PLOT A former FBI agent must rescue his family from a burning building.
CAST Dwayne Johnson, Neve Campbell, Roland Møller
BOTTOM LINE The Rock delivers the perfect summer movie in this unabashed “Die Hard” knockoff.
Dwayne Johnson plays a wanted man trying to rescue his family from a burning high-rise in “Skyscraper,” a cheerfully derivative and hugely enjoyable piece of entertainment. An alternative title for this big-budget spectacle might be “The Fugitive Hardly Dies in the Towering Inferno,” so blatantly does it steal from several box-office hits. Amid all this rehashing, though, comes one idea that is startlingly original: Johnson’s character, Will Sawyer, is an amputee.
Thanks to a fairly intense flashback that opens this film, we learn that Sawyer, a former FBI agent, lost much of his left leg in a hostage situation that ended badly. What we’re watching isn’t just a fun-and-fluffy blockbuster, but something highly unusual: a Hollywood action-hero with a disability.

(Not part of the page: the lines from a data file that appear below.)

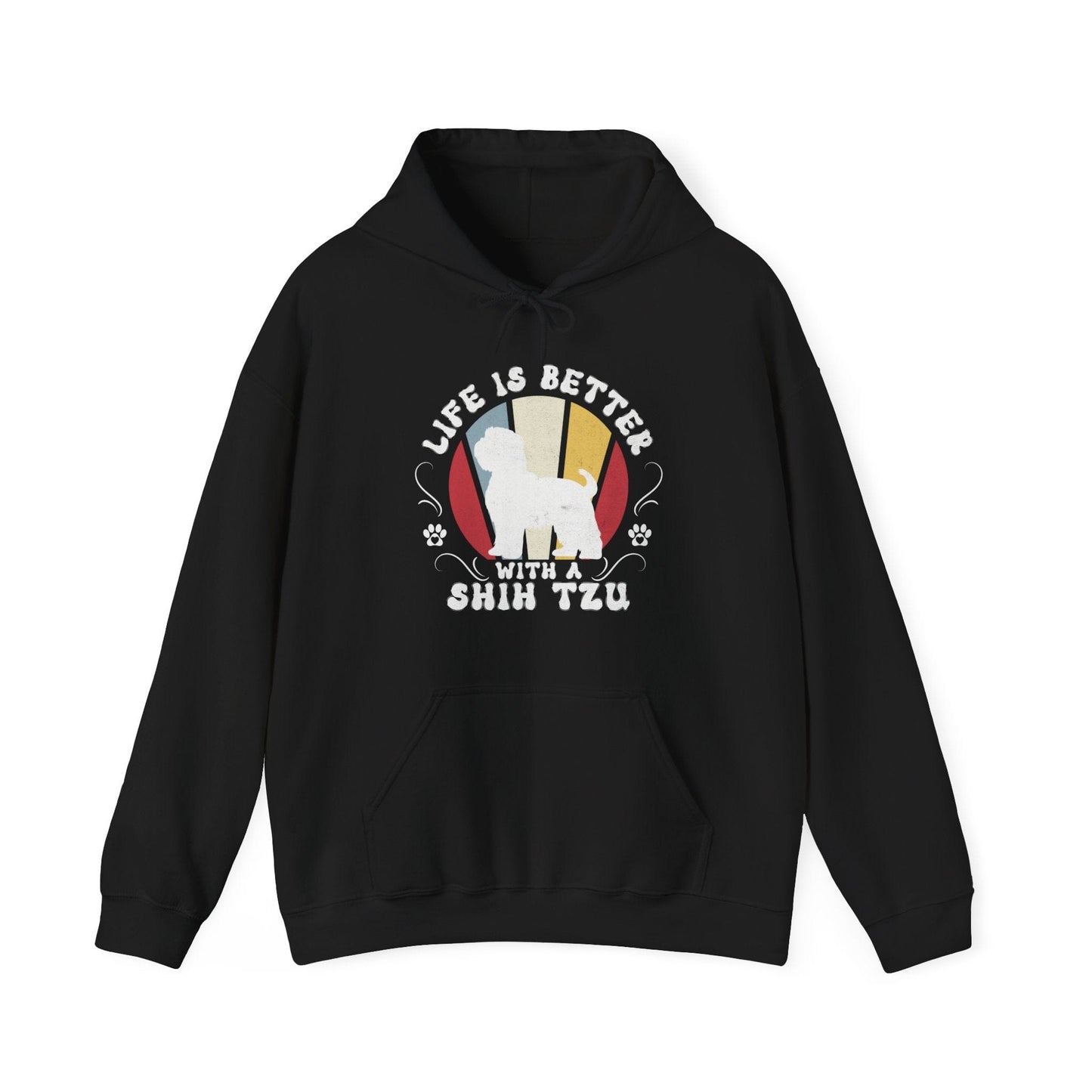 Life is Better With a Shih Tzu Hooded Sweatshirt Hoodie Black / S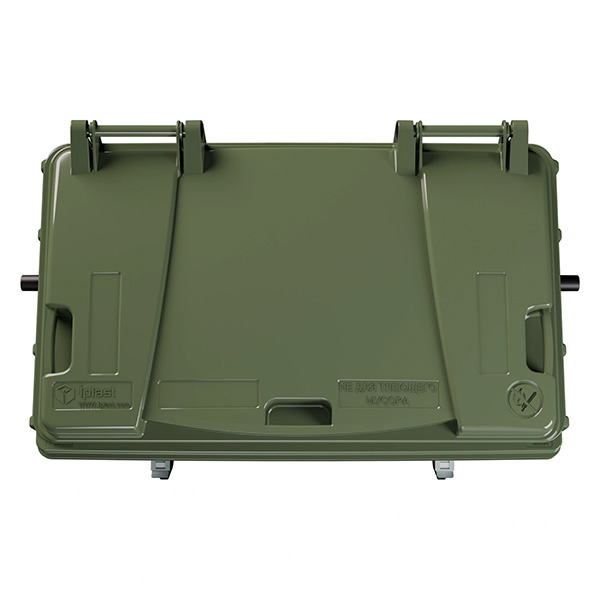 Передвижной мусорный контейнер 660 л. с крышкой без педали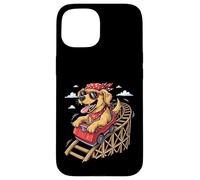 Canine Roller Coaster Dog Riding Parco a tema divertimenti Custodia per iPhone 15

Not that the movie makes a big thing of it. The best heroes have an Achilles heel – snakes for Indiana Jones, vertigo for Jimmy Stewart’s ex-cop Scottie Ferguson – and so writer-director Rawson Marshall Thurber (of Johnson’s hit comedy “Central Intelligence”) invents one for Sawyer. It’s a humanizing device: The moment we see Sawyer, now a security consultant, pull on his prosthetic and swallow his daily pain pills, we instantly feel for him. It’s also a tantalizing set-up: How is a guy with one leg going to do all the superhuman things we came to see him do?
We get our answer in the film’s excellent first fight sequence, in which a foe sends Sawyer’s leg skittering across the floor. Though hobbled, Sawyer improvises and prevails, something he’ll do again and again as he figures out the plot he’s been drawn into: A mercenary named Kores Botha (Roland Møller) has set fire to the world’s tallest building – a shimmering CGI fiction known as The Pearl – in order to extort valuable information from its architect, Zhao Long Ji (Chin Han). Meanwhile, Sawyer’s family is trapped above the fire line. (Neve Campbell plays Sarah, the ER doctor who saved and naturally married our hero; McKenna Roberts and Noah Cottrell play their kids.) It’s worth mentioning that “Skyscraper” takes place entirely in Hong Kong, surely a harbinger of Hollywood’s China-driven future.
As “Skyscraper” raises the stakes, its situations become increasingly, wonderfully implausible. At one point, Sawyer scales the building’s exterior using suction-cups made from duct tape. The reason we suspend disbelief is not because of Sawyer’s tremendous strength but because of his vulnerability. “Skyscraper” may be a landmark film, but it doesn’t necessarily feel like one. What it feels like is a great time at the movies.
Tall buildings have served as jungle gyms for cinematic heroes and monsters for decades. Here are four examples that predate “Skyscraper:”
KING KONG (1933) At the time, few buildings represented human ingenuity better than the Empire State Building. In this iconic film, it’s scaled by a massive ape. Symbolism, anyone?
THE TOWERING INFERNO (1974) Set in a fictional San Francisco high-rise called The Glass Tower, this classic disaster flick was the year’s top grosser and won three Oscars. The all-star cast included Steve McQueen, Paul Newman, Faye Dunaway, O.J. Simpson, William Holden and Fred Astaire.
DIE HARD (1988) Clearly a major inspiration for “Skyscraper,” this thriller stars Bruce Willis as cocky cop John McClane, who charges into a Los Angeles high-rise where his estranged wife (Bonnie Bedelia) is among the hostages held by terrorists (led by the great Alan Rickman as Hans Gruber). Still one of the definitive blockbusters.
MISSION: IMPOSSIBLE — GHOST PROTOCOL (2011) In this episode, Tom Cruise’s Ethan Hunt scales the outside of the Burj Khalifa in Dubai — a dizzying sequence shot with IMAX cameras.